Using only the entries below, copy exactly the lines that begin at the one with "2026 AFL Footy" and end at the one with "Figs Men's Jansen", both included. Drop the pictures.

= DATA TO EXAMINE =

*-*-*

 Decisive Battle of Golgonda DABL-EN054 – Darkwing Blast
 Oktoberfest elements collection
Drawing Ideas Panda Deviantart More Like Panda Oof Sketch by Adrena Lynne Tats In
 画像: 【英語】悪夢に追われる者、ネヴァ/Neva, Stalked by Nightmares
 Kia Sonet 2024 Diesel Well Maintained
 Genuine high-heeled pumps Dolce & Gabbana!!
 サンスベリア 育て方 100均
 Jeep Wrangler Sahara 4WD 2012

*-*-*

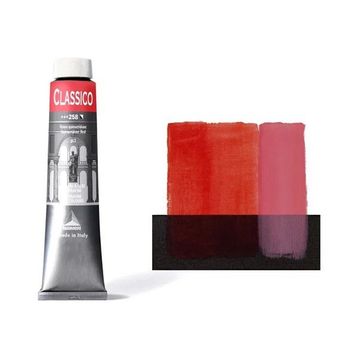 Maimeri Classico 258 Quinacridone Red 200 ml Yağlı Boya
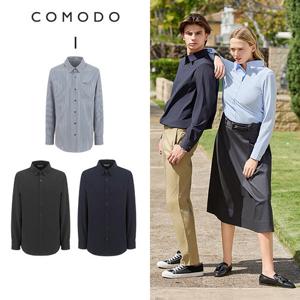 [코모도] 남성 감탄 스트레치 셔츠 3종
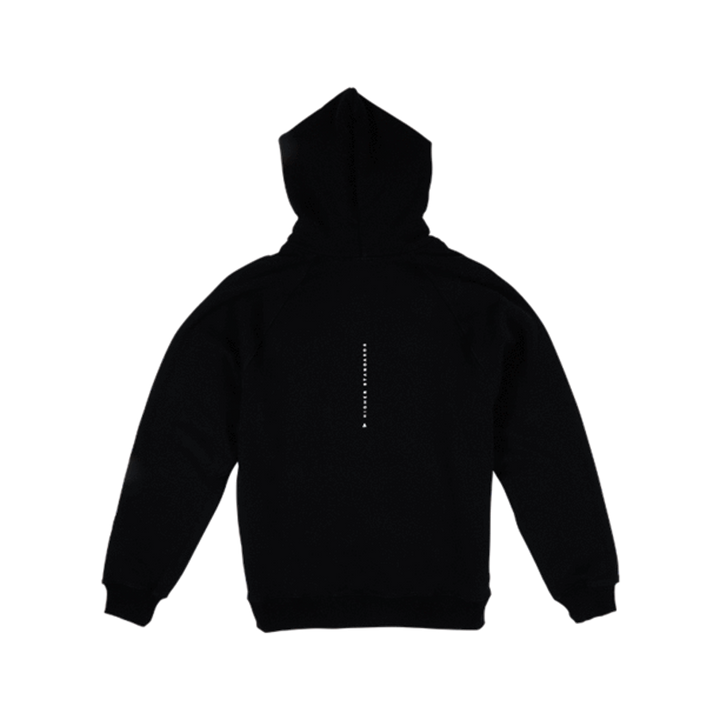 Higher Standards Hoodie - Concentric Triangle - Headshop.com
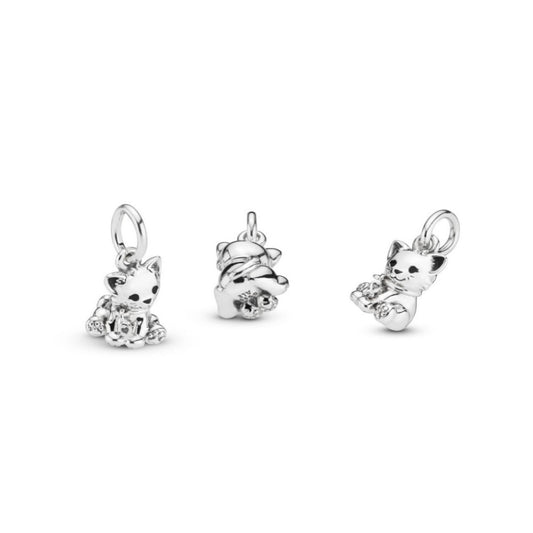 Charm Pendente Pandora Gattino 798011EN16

*-*-*

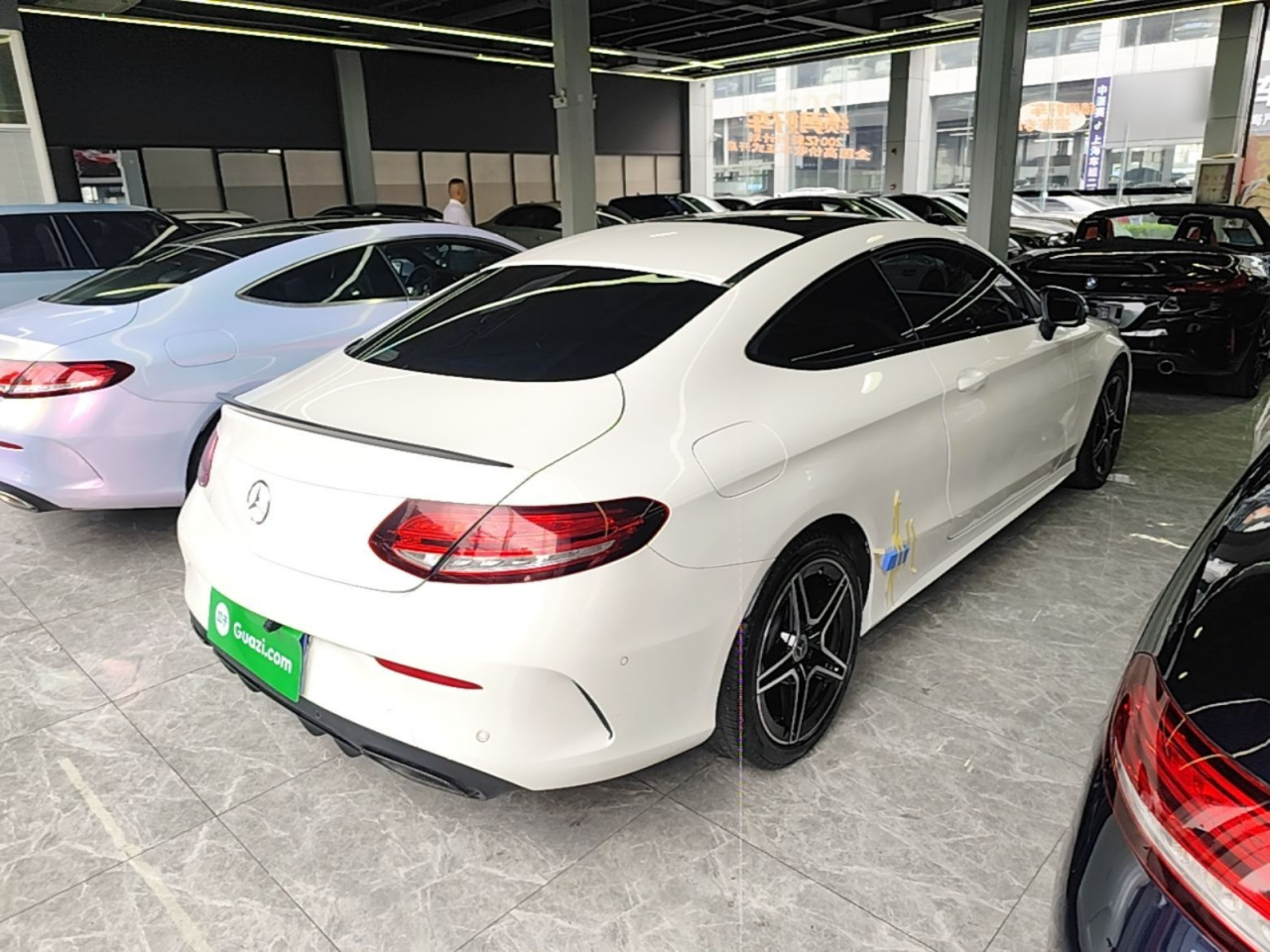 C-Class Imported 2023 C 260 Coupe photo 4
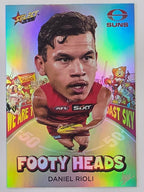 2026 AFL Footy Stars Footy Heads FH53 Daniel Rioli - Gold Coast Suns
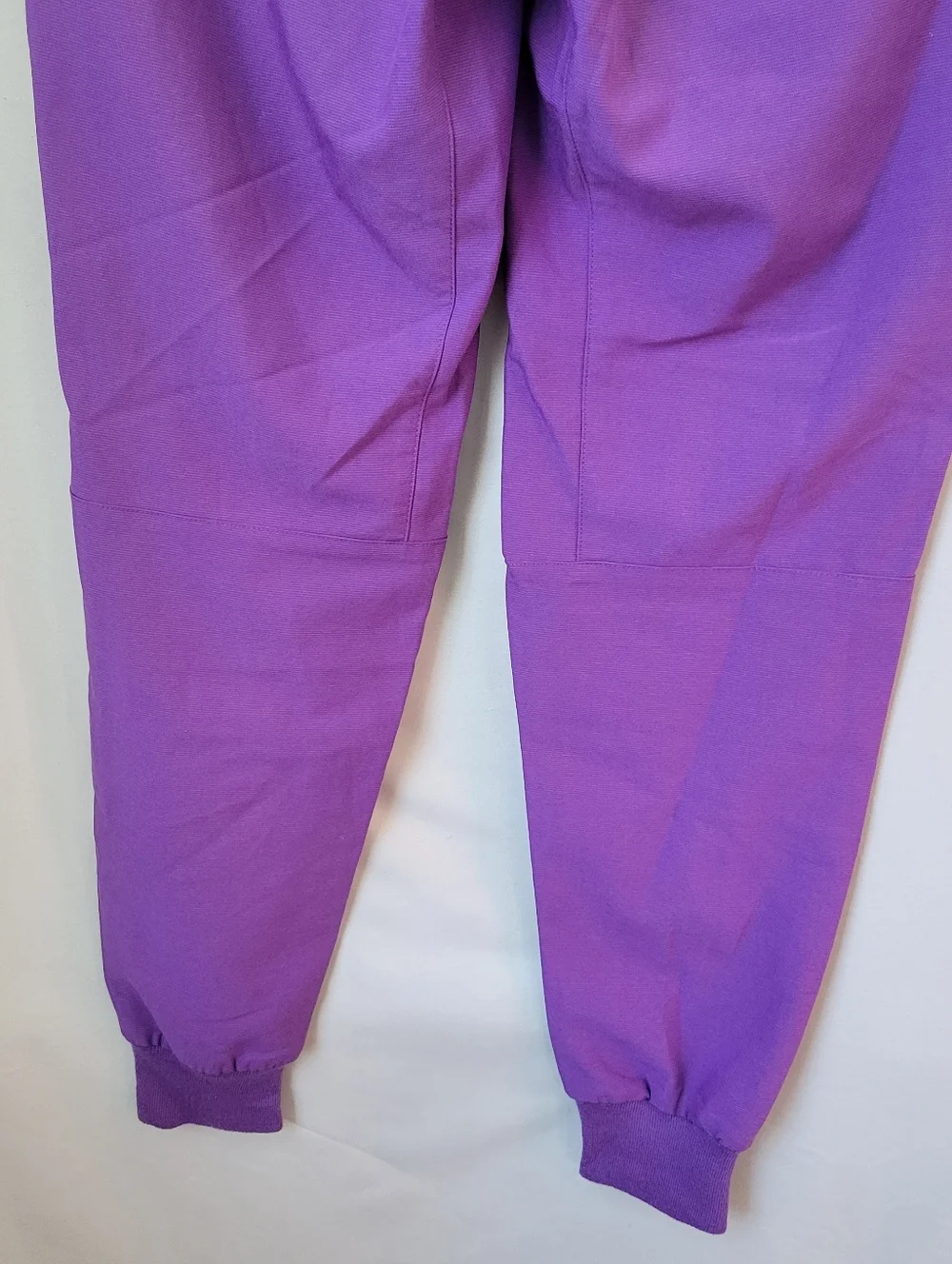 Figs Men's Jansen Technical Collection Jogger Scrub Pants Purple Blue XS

*-*-*

= WRITTEN SOLUTION =
 2026 AFL Footy Stars Footy Heads FH53 Daniel Rioli - Gold Coast Suns
 Figs Men's Jansen Technical Collection Jogger Scrub Pants Purple Blue XS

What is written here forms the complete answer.